I took my son to a birthday party last weekend. In lieu of a thank-you card or a lolly bag, his friend’s mum took photos of each guest with the birthday boy, using an old Polaroid Instamatic camera. The kids held their mementos under their armpits until the pictures emerged and, when they did, there was a lot of blinking, reflector-eyes, side-eyes, eye-rolling, open mouths, snotty noses, and peace signs. They were imperfect and hilarious.

I’ve also realised that my paintings, the few that I like and hang on our walls, are the ones where I’ve painted over something else. You can still see the ghost of another image, a glimpse of colour that clearly doesn’t belong, and ridges of old paint that make the final painting more interesting and layered. All those mistakes underneath make these paintings beautiful, when others I’ve made using a pristine canvas and confident strokes are somehow… less.

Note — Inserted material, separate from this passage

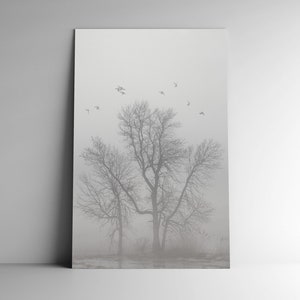 Landscape Photography - Grilli - 11x17 Giclee - Black & White Wall Art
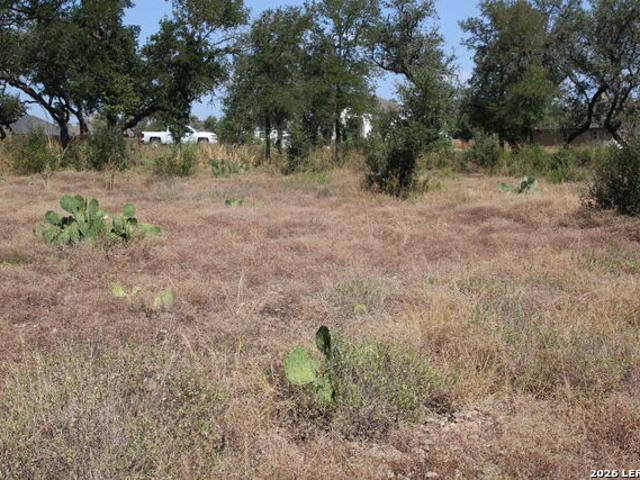 Land for sale in Castroville, Medina County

So what the hell does all of this have to do with writing? I don’t know if there’s a punchline in this piece (and I do love a good punchline), or even a useful scrap of advice for any other writer.

I only know that when I edit, I look for ways to make my words just so. I hone, I shape, I shift and delete; I switch and cut and carve and polish until I’ve said what I needed to say and nothing more. This is how you should edit, so how is it possible to end up with less? How do I end up with a picture that leaves me cold? I suppose a few years ago I could have written like that and still made it work somehow, but I’m starting to think that knowing more about editing and growing into a more technically proficient writer isn’t necessarily a good thing for me.

This all seems at odds with my confession about perfectionism and my tendency to edit as I go, but I’ve never edited line by line as much as I have lately. This next book had a shaky start. Every line was perfect, and I hated it. I hated opening that file. There was no way I could hold that pose for a whole book, so we stared each other down for a few weeks until I broke, hit delete, and cried.

I like rambling, messy sentences. I like watching the outtakes at the end of a film. I grieved for a while and I started over; what’s taking shape now is an unrehearsed, convoluted, untidy manuscript. I can still see the ghost of my perfect draft underneath, but I’ve put the ‘mistakes’ back in. And I’m happy because finally I feel something.

Categories: Rant, Vikki Wakefield, Writing, Tags:

Comments

  1. joe
    wow, i didn't realize ... the artist in me always forces herself to not erase the flaws and just start a new drawing. it's tough. i realize the older i get how everyone seems to have problems with letting go. and see where they might end up. :)
    December 10, 2012 at 4:27 am ·
  2. I'm editing my fourth book. What you say inspires me. But I've found that each book I edit is a different experience. So this much I know, go with what works at the time, no hard and fast rules Cheers, Deborah PS I've just discovered we have the same agent, the estimable Sheila.